*TASK*: A word-for-word copy of the listing is what's needed; leave out every image.

Start of DATASET EXCERPT

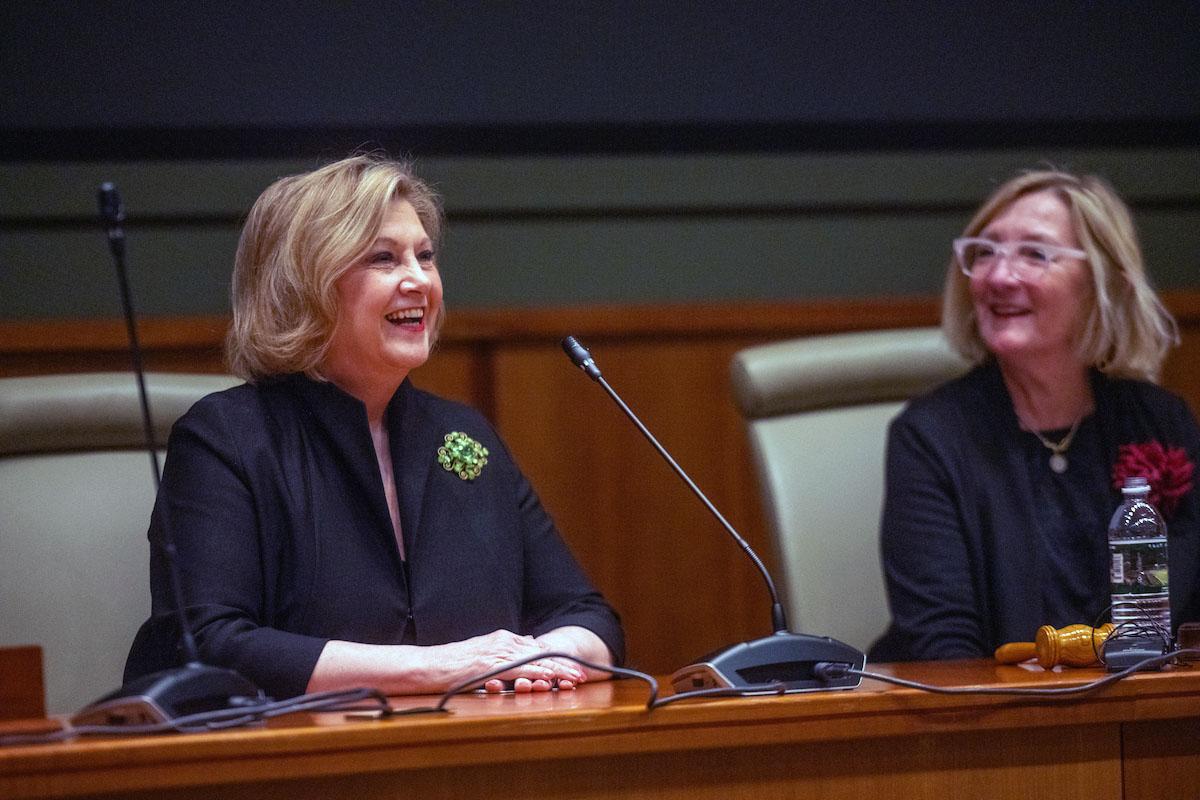 President Lori Stewart Gonzalez smiles as she sits in the board room.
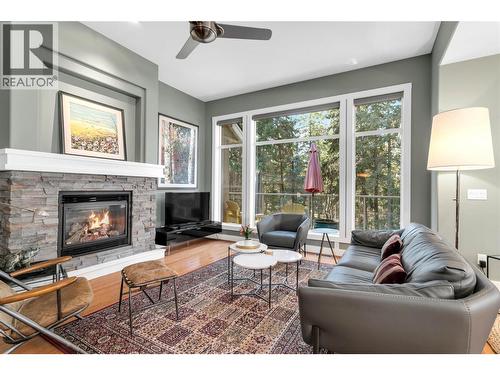 4116 Gallaghers Woodlands Drive S, Kelowna, BC - Indoor Photo Showing Living Room With Fireplace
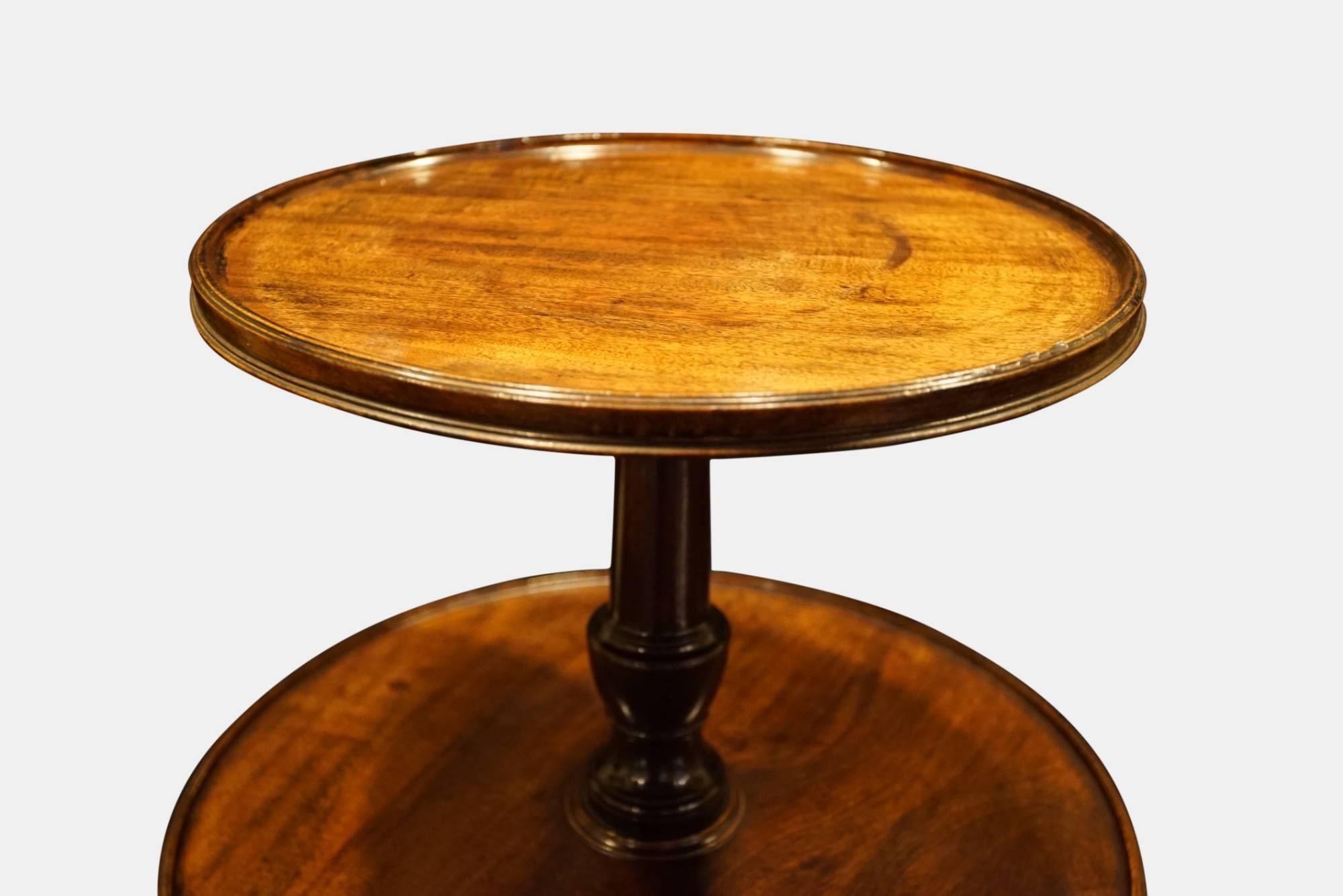 A George III mahogany dumb waiter with three revolving tray tops, vase turned columns and tripod base to original castors, all of excellent color and no splits or repairs,

circa 1775.
 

End of DATASET EXCERPT

*RESPONSE TO THIS TASK*:
 President Lori Stewart Gonzalez smiles as she sits in the board room.
 4116 Gallaghers Woodlands Drive S, Kelowna, BC - Indoor Photo Showing Living Room With Fireplace
 A George III mahogany dumb waiter with three revolving tray tops, vase turned columns and tripod base to original castors, all of excellent color and no splits or repairs,

circa 1775.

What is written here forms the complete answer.